Now let's play back the objList to make sure it's good.

In [1]:
import numpy as np

lastFrame=objList[-1][0]
print('lastFrame',lastFrame)
radius=10; thick=0;
color=(255,255,255)
im=np.zeros((yRez,xRez,3),dtype='uint8') # create a black image
lastFrame=0
for i in range (len(objList)):
    frame,xc,yc,objID,ASSIGNED_FLAG=objList[i] 
    cv2.circle(im, (xc,yc), radius,color[0], thick) # place rectangle around each object, BGR
    if frame!=lastFrame:
        lastFrame=frame
        cv2_imshow(im)
        #sleep(0.3) # no need to make sure every frame is visible since we keep writing circles on the original image (like a multiple exposure in photography), leaving a trail of object locations
        display.display(plt.gcf())
        display.clear_output(wait=True)

NameError: ignored

# Tracking Code

Now we are ready to do tracking using the objFile.
Here is an outline of what the code will be doing...
1. Find out where each frame starts in the objList. 
2. Initialize the objects in the first frame by assigning them ID's, starting with 0.
3. Make a nested loop (a loop in a loop). For each of the old objects (outer loop) find the closest new object (inner loop), and assign the old object ID to the new object. Set the ASSIGNED_FLAG for the new object so it isn't matched multiple times to old objects.
4. Give any newborns (new objects that were not assigned to old objects) a new unique ID, and keep track of what new id to give with the variable newID.
5. Show the tracking results by displaying each frame with bounding boxes around each object, color coded by the object ID. If there is perfect tracking, the bounding box of an object will stay constant as the object moves. If the color changes, try and predict what failure mode is occuring.


In [1]:
import math # we are going to need square root for calculating distance

radius=10; thick=0;
# To see if the the tracker is working, let's color code the bounding box of each object by it's id.
# If tracking is working perfectly, an object will retain it's color. 
# Seven colors are defined in a list. Can you decode what color they would produce? Hint: BGR
color=[(0,0,255),(0,255,0),(0,255,255),(255,0,0),(255,0,255,),(255,255,0),(255,255,0)] 

# The objList is a list of lists. Each list contains these variables in this order; frameNumber,xc,yc,objID,ASSIGNED_FLAG
# Instead of retreiving their value (indexing) with numbers 0 to 4 (remembers computers count starting with 0), I like to use labels, to give the code better readablity
frameIndex=0
idIndex=3
assignIndex=4

# create a black image for us to draw on
im=np.zeros((yRez,xRez,3),dtype='uint8')

# make a list of where the frame boundaries are in objList
startFrame=[]
lastFrame=0
for i in range (len(objList)):
    frame,xc,yc,objID,ASSIGNED_FLAG=objList[i] 
    cv2.circle(im, (xc,yc), radius,color[0], thick) # place rectangle around each object, BGR
    if frame!=lastFrame:
        startFrame.append(i)
        lastFrame=frame

# give objects in the first frame initial id's so they can be propagated to successive frames
startingID=0
for i in range(startFrame[0],startFrame[1]):
    objList[i][idIndex]=startingID
    startingID+=1
newID=startingID          # if a new id is needed for a new object, start with this since it's the next one that hasn't been used (every object must have a unique id!)

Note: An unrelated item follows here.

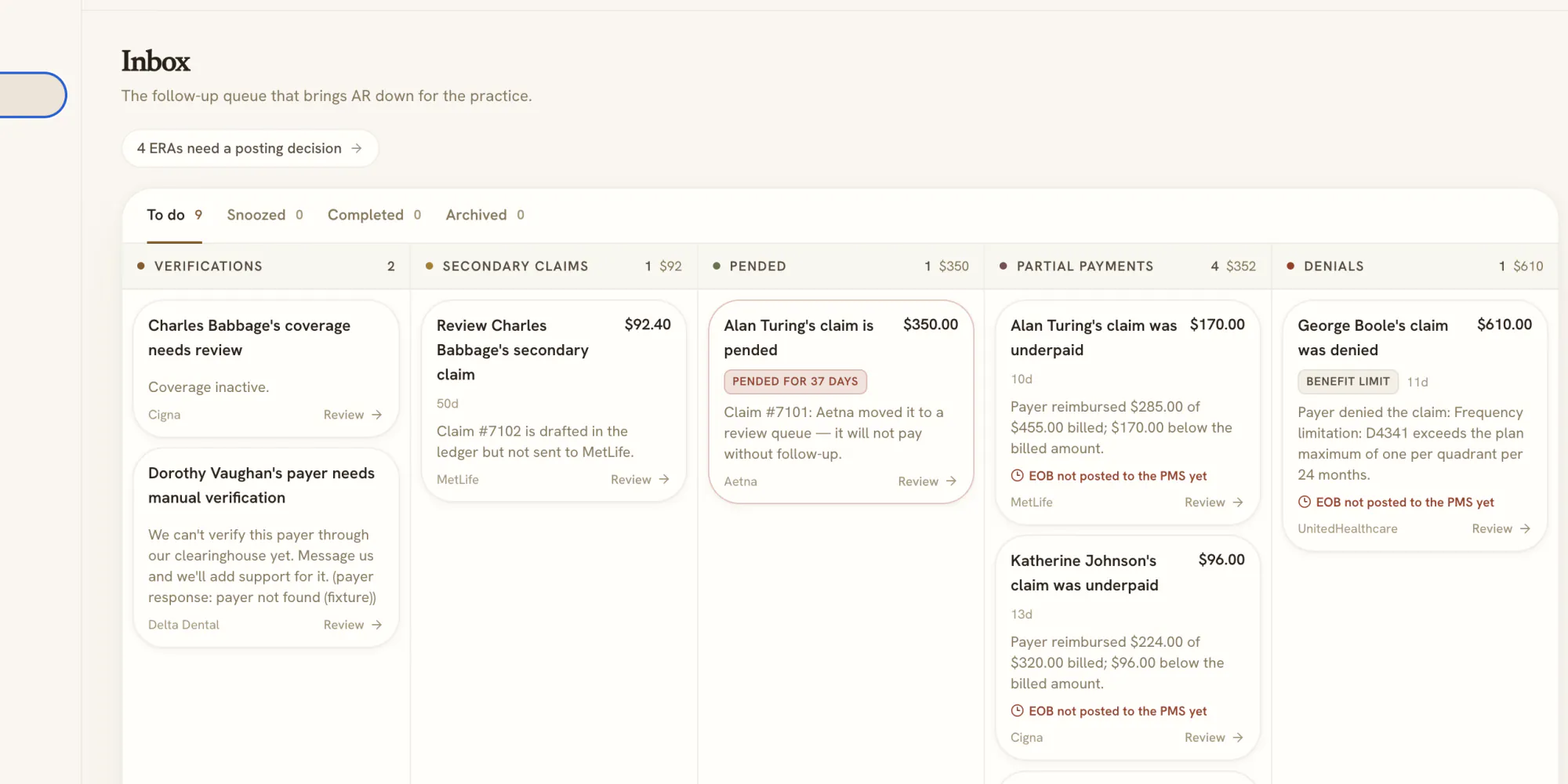 Autumn Inbox organizing receivables by verification, secondary claim, pended, partial payment, and denial work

# now lets match each object in the old (last) frame with objects in the current (new) frame
orphanCount=0                         # counts how many old objects didn't find matches to new objects (ran out of new objects)
for i in range(1,len(startFrame)-1):  # we start with frame 1 (new frame, new objects) since we will be looking back at the previous old frame (frame 0) to match old objects with new objects
    oldStart=startFrame[i-1]          # beginning of old frame
    oldStop=startFrame[i]             # end of old frame
    newStart=startFrame[i]            # beginning of new frame
    newStop=startFrame[i+1]           # end of new frame
    #print(oldStart,oldStop,newStart,newStop)
    
    BIG_NUMBER=999999               # you'll see how we use this very soon to find the minimum distance
    for iOld in range(oldStart,oldStop):  # process every old object trying to match it to the closest new object
        frame,xcOld,ycOld,idOld,ASSIGNED_FLAG=objList[iOld] # let's get the location and id of the old object. 
        if ASSIGNED_FLAG==0:        # only process old objects that have not been assigned (matched) to the closest new object
            bestDistance=BIG_NUMBER # make this a really big number, so when we do our initial compare, it's guarantee to be smaller than this number
            bestMatchIndex=0        # we'll update this when we find a close object in the previous frame
            for iNew in range(newStart,newStop):      # check distance of every new object to the old object we are processing
                frame,xcNew,ycNew,_,_=objList[iNew]   # the dashes ('_') are a way to receive variables that we don't care about. It stores them in '_' which we will ignore. Sometimes I use "dummy", but most people seem to use '_'
                dx=xcNew-xcOld
                dy=ycNew-ycOld
                distance=math.sqrt(dx*dx+dy*dy)
                if distance<bestDistance:             # if old object is closer than the closest old object we've seen so far, save it's information
                  bestDistance=distance               # keep the value and see if any other object is closer
                  bestMatchIndex=iNew                 # keep track of the best old object in case it turns out to be the closest to the new object
                  #print(iNew,distance)
            if bestDistance!=BIG_NUMBER:              # if bestDistance has been updated, that means a match has been found 
              objList[bestMatchIndex][idIndex]=idOld  # the new object get's the id of the old object. The third element of the list (2 because we count from zero!) is the ID
              objList[idOld][assignIndex]=1           # ASSIGNED_FLAG=1 indicating old object has been assigned a new oject, so it can't be matched to any other new object (one per customer!)
            else:   
              orphanCount+=1                          # after testing all the new objects, bestDistance was never updated (still has the initial value of BIG_NUMBER), so we know there was no new object to match to this old object :( 

    # now that all old objects have been matched to new objects (except for old orphans), let's see if there are any new objects that haven't been assigned id's (new born objects)
    # we can tell because their id is their value when we created the objFile, which is -1
    # if they are "new born", give them an id using the newID variable
    for iNew in range(newStart,newStop):
        if objList[iNew][idIndex]==-1:      # id==-1 means the new object was not matched to an old object, so give it a newID
            objList[iNew][idIndex]=newID
            newID+=1                        # make sure we advance newID so the next "new born" gets a unique id
            print('new born id', objList[iNew][idIndex])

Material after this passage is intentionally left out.